= RAW DATA =
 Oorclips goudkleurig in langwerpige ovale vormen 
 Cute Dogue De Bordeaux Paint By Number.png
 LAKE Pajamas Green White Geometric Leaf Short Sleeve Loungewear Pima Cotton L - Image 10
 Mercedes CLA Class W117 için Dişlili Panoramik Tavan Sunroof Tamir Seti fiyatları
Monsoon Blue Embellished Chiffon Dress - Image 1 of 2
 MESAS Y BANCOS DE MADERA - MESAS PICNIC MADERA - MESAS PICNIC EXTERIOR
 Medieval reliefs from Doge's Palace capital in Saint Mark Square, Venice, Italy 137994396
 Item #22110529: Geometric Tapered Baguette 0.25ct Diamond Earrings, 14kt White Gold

* * *

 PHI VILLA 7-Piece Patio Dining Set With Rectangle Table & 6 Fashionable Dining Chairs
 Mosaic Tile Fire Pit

--

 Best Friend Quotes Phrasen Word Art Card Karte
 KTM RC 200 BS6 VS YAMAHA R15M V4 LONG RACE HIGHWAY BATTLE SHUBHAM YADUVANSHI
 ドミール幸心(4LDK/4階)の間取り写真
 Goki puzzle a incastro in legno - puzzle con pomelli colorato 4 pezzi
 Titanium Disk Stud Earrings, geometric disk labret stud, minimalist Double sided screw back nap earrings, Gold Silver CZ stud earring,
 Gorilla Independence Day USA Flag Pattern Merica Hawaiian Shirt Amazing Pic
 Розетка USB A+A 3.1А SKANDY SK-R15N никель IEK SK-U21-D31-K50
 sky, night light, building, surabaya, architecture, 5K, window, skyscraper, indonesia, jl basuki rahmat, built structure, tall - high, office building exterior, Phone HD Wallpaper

= EXERCISE PROMPT =
From the listing above, the lines starting with the one that has "Oorclips goudkleurig in" and running through the one that has "Monsoon Blue Embellished" should be copied exactly, ends included.

= RESPONSE BELOW =
 Oorclips goudkleurig in langwerpige ovale vormen 
 Cute Dogue De Bordeaux Paint By Number.png
 LAKE Pajamas Green White Geometric Leaf Short Sleeve Loungewear Pima Cotton L - Image 10
 Mercedes CLA Class W117 için Dişlili Panoramik Tavan Sunroof Tamir Seti fiyatları
Monsoon Blue Embellished Chiffon Dress - Image 1 of 2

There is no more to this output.